Comunicadores concursados poderiam trabalhar lado a lado com produtores independentes, universidades, veículos de imprensa e agências locais. A gestão deixaria de ser personalista e passaria a ser cooperativa.
Assim, as Secretarias de Comunicação poderiam recuperar seu propósito original: educar, informar e traduzir o Estado para o cidadão comum. Afinal, a comunicação pública é política pública. Uma ferramenta de cidadania, de diálogo e de pertencimento. É o que dá voz às comunidades que nunca foram ouvidas. Não apenas as urbanas, mas também as rurais, periféricas, tradicionais e não tradicionais.
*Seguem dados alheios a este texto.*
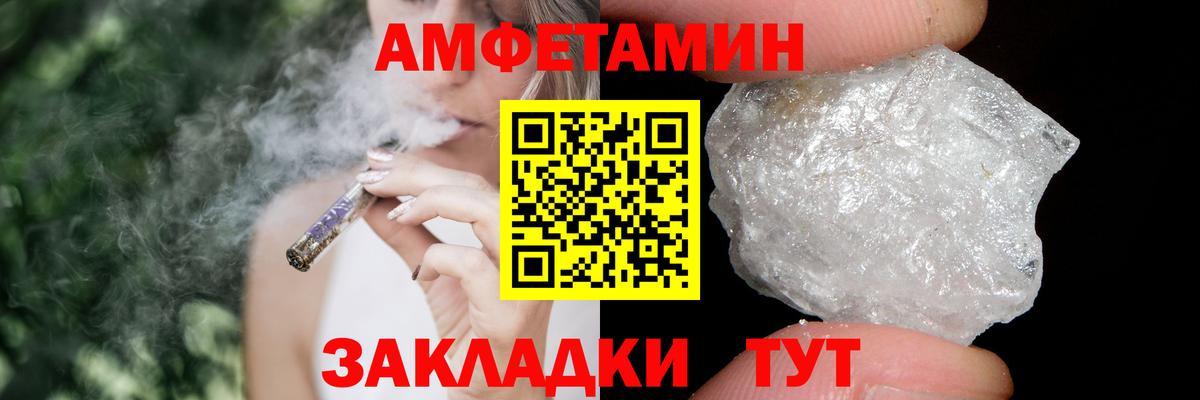 Метамфетамин пудра  Вход с VPN  Метамфетамин  Метамфетамин пудра  Крымск 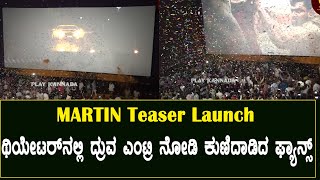 Martin Teaser Launch : ಥಿಯೇಟರ್ ಗಡ  ಗಡ | Druva Sarja | AP Arjun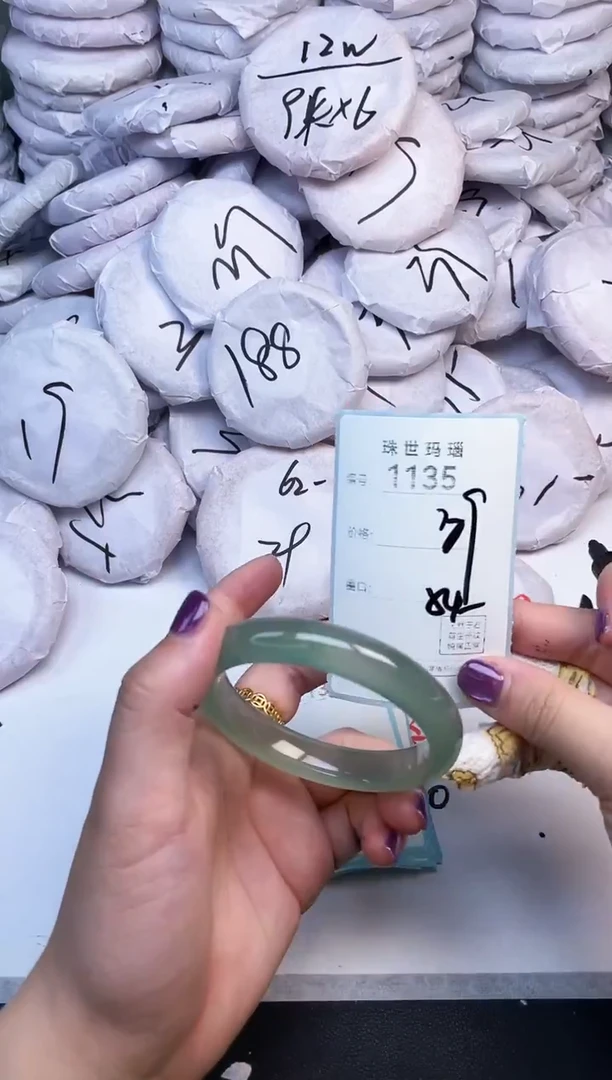 手镯玛瑙/玉髓未镶嵌1135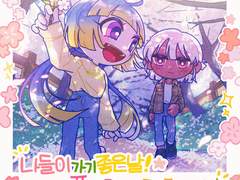 🌸나들이 가기 좋은 날! (봄 타입) 샘플 및 신청양식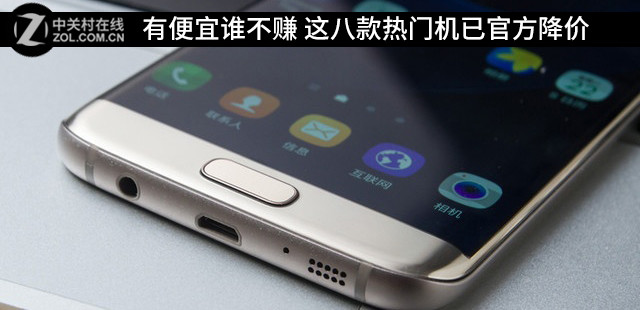 有便宜谁不赚 这八款热门机已官方降价 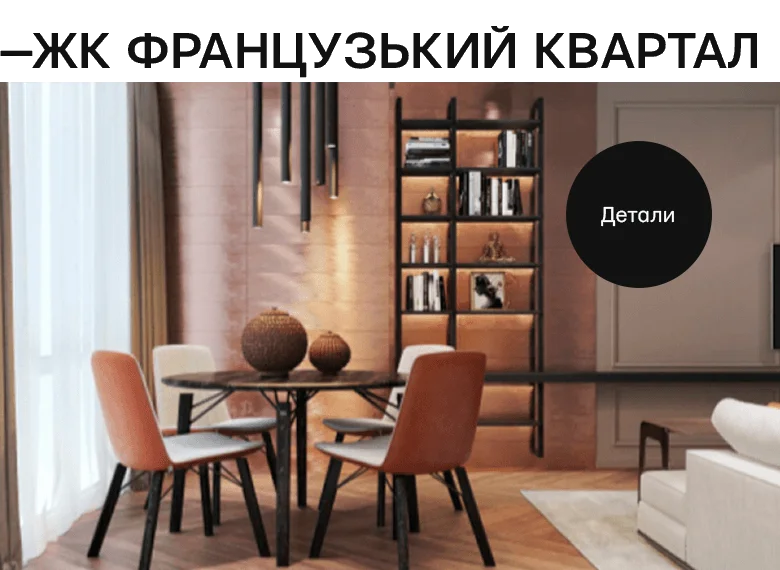 Slider-project-1-RU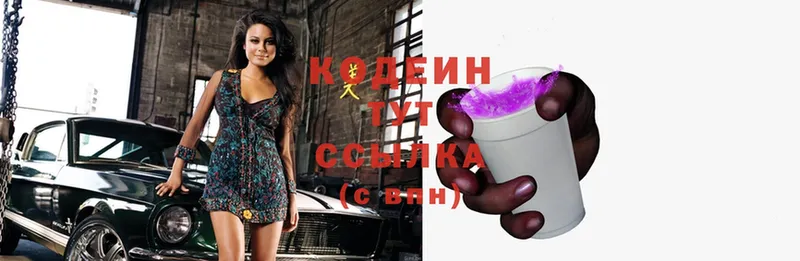 наркошоп  mega ONION  Кодеин Purple Drank  Бавлы 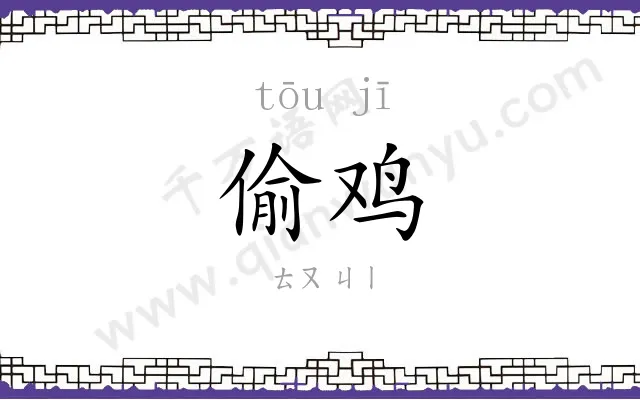 偷鸡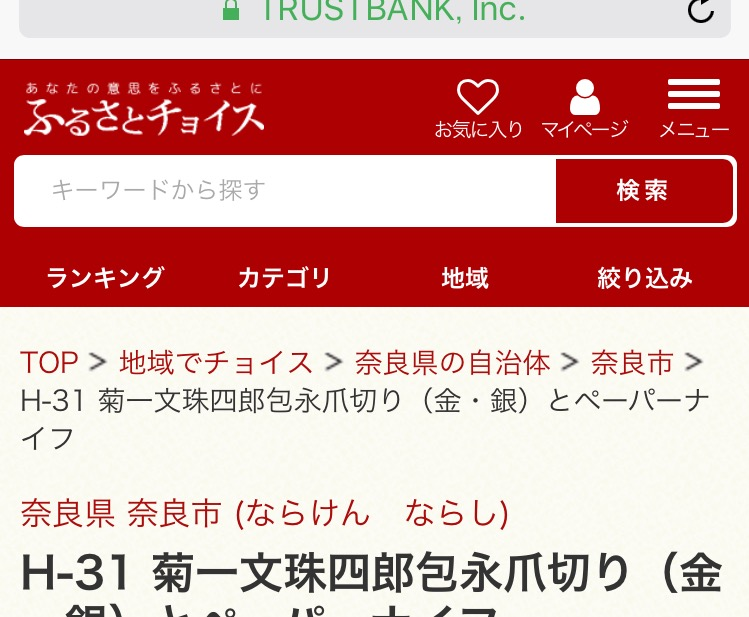f:id:fulusatotanomou:20170205010038p:plain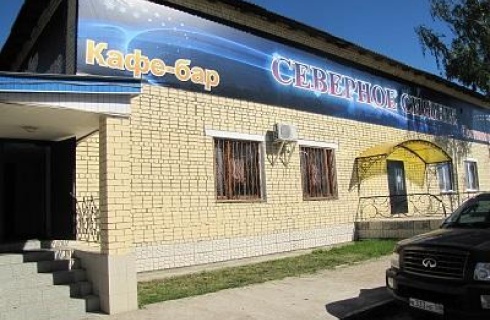 Сырятинский: Мини-отель Северное сияние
Além disso, a profissionalização do setor pode gerar um efeito econômico virtuoso: estimular o mercado de comunicação, fortalecer agências locais, abrir espaço para assessorias, jornalistas, designers, roteiristas, fotógrafos e produtores de conteúdo. A boa comunicação pública é, também, fomento cultural e econômico.
E se o político quiser mostrar o lado humano, a rotina, o “bom dia, cidade”? Que o faça! Com recursos próprios, ou do partido, e com clareza sobre quem paga a conta. A impessoalidade, afinal, não é uma restrição: é o que protege a democracia da embriaguez dos egos.
O reflexo, portanto, não é o fim da festa, é o começo da sobriedade. Depois da água e da espuma, é hora de enxergar que a comunicação pública que precisamos construir é aquela que serve, informa, educa e inspira. Que devolve ao cidadão o direito de compreender o que é feito com o seu dinheiro, de reconhecer, no espelho do Estado, não o rosto de um político, mas o seu próprio.
No fim, toda festa acaba em reflexão. E toda boa democracia, quando amadurece, aprende a brindar com água para evitar aquela dor de cabeça da ressaca.